Although we didn’t focus on it at the time, when we trained the model in our Shallow Net in Keras notebook back in Chapter 5 we were already using stochastic gradient descent by setting our optimizer to SGD in the model.compile() step. Further, in the subsequent line of code when we called the model.fit() method, we set batch_size to 128 to specify the size of our mini-batches—the number of training data points that we use for a given iteration of SGD. Like the learning rate η presented earlier in this chapter, batch size is also a model hyperparameter.
Let’s work through some numbers to make the concepts of batches and stochastic gradient descent more tangible. In the MNIST dataset, there are 60,000 training images.
Before carrying out any training, we initialize our network with random values for each neuron’s parameters w and b.9 To begin the first epoch of training:
We shuffle and divide the training images into mini-batches of 128 images each. These 128 MNIST images provide 784 pixels each, which all together constitute the inputs x that are passed into our neural network. It’s this shuffling step that puts the stochastic (which means random) in “stochastic gradient descent.”
By forward propagation, information about the 128 images is processed by the network, layer through layer, until the output layer ultimately produces ŷ values.
A cost function (e.g., cross-entropy cost) evaluates the network’s ŷ values against the true y values, providing a cost C for this particular mini-batch of 128 images.
To minimize cost and thereby improve the network’s estimates of y given x, the gradient descent part of stochastic gradient descent is performed: Every single w and b parameter in the network is adjusted proportional to how much each contributed to the error (i.e., the cost) in this batch (note that the adjustments are scaled by the learning rate hyperparameter η ).10
These four steps constitute a round of training, as summarized by Figure 8.5.
FIGURE 8.5 An individual round of training with stochastic gradient descent. Although mini-batch size is a hyperparameter that can vary, in this particular case, the mini-batch consists of 128 MNIST digits, as exemplified by our hike-loving trilobite carrying a small bag of data.
Figure 8.6 captures how rounds of training are repeated until we run out of training images to sample. The sampling in step 1 is done without replacement, meaning that at the end of an epoch each image has been seen by the algorithm only once, and yet between different epochs the mini-batches are sampled randomly. After a total of 468 rounds, the final batch contains only 96 samples.
FIGURE 8.6 An outline of the overall process for training a neural network with stochastic gradient descent. The entire dataset is shuffled and split into batches. Each batch is forward propagated through the network; the output ŷ is compared to the ground truth y and the cost C is calculated; backpropagation calculates the gradients; and the model parameters w and b are updated. The next batch (indicated by a dashed line) is forward propagated, and so on until all of the batches have moved through the network. Once all the batches have been used, a single epoch is complete and the process starts again with a reshuffling of the full training dataset.

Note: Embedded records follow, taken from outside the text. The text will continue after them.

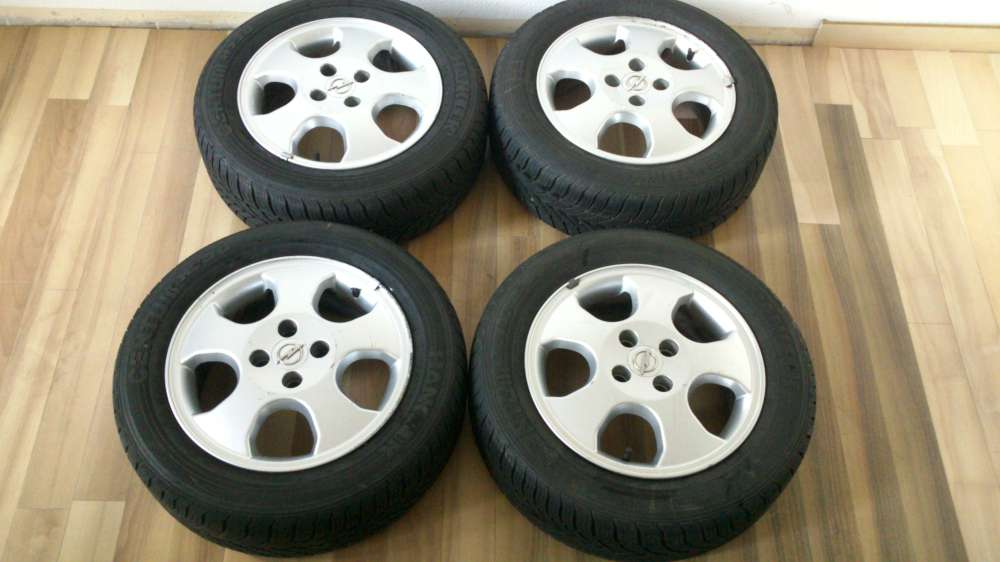 Opel Astra F Calibra Alufelgen 6J x 15 H2 ET49 .M+S 195/60 R15 88H DOT SMCE CL H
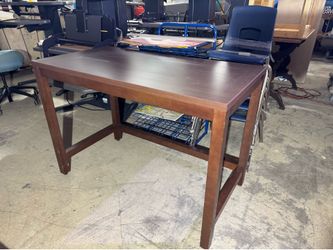 Small Modern Desk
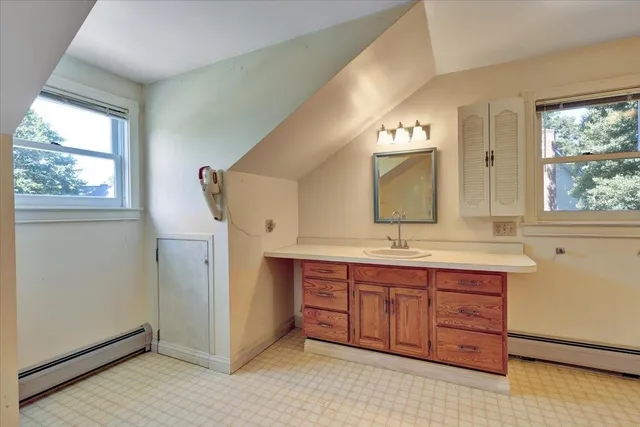 $769,900 | 118 Stirling Place, Burlington, VT 05408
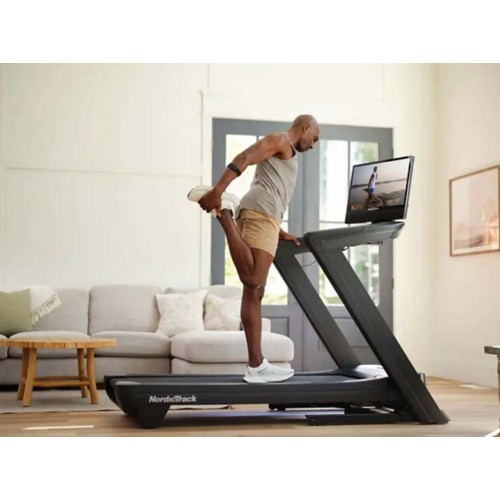 NordicTrack Commercial 2450 w/ 24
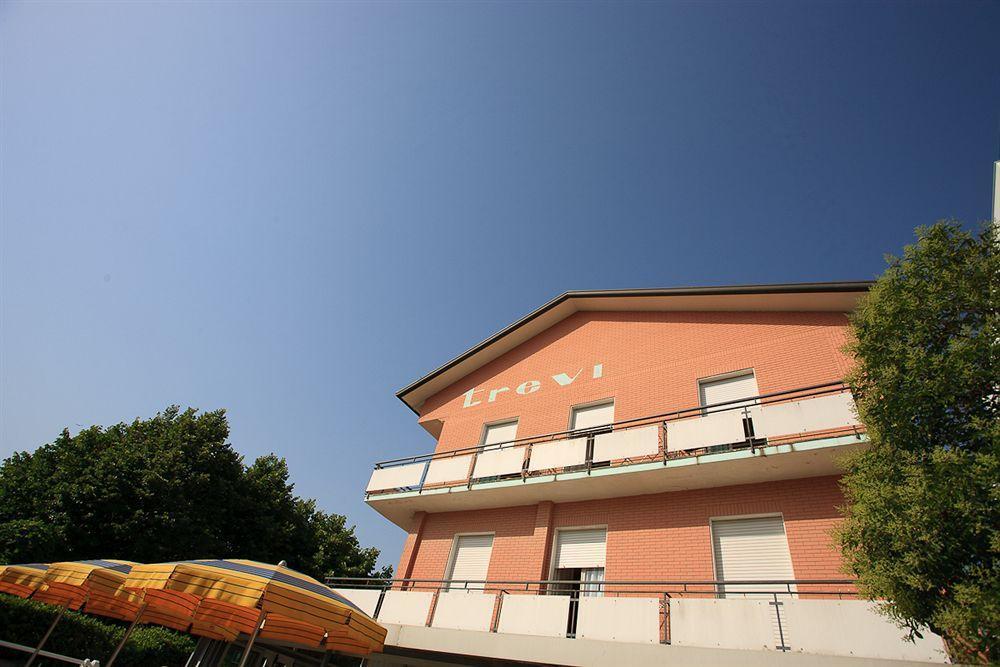 Hotel Trevi เชเซนาติโก ภายนอก รูปภาพ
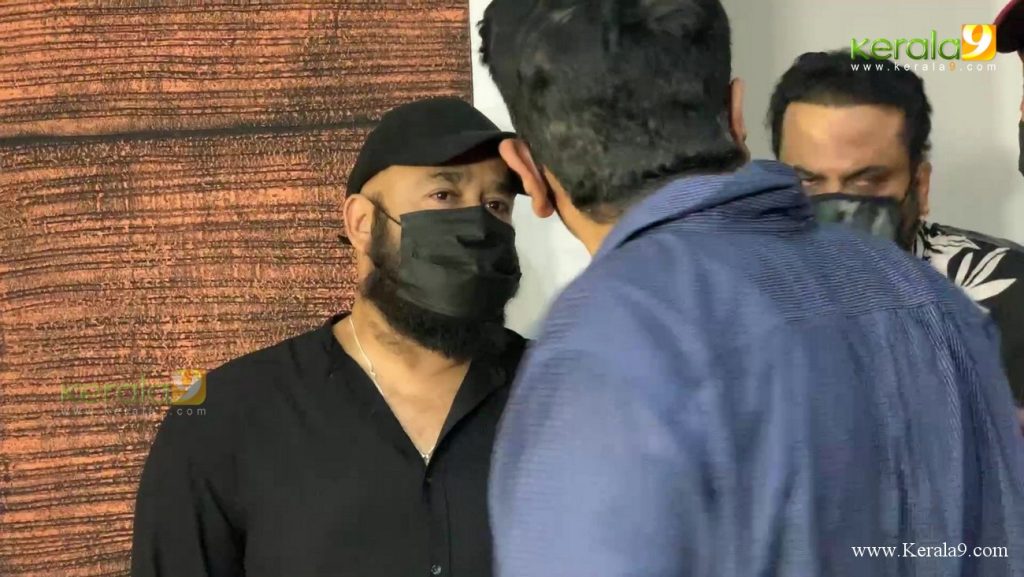 Mohanlal at kpac lalitha funeral photos 004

This marks the end of the first epoch of training. Assuming we’ve set our model up to train for further epochs, we begin the next epoch by replenishing our pool with all 60,000 training images. As we did through the previous epoch, we then proceed through a further 469 rounds of stochastic gradient descent.11 Training continues in this way until the total desired number of epochs is reached.
The total number of epochs that we set our network to train for is yet another hyperparameter, by the way. This hyperparameter, though, is one of the easiest to get right:
If the cost on your validation data is going down epoch over epoch, and if your final epoch attained the lowest cost yet, then you can try training for additional epochs.
Once the cost on your validation data begins to creep upward, that’s an indicator that your model has begun to overfit to your training data because you’ve trained for too many epochs. (We elaborate much more on overfitting in Chapter 9.)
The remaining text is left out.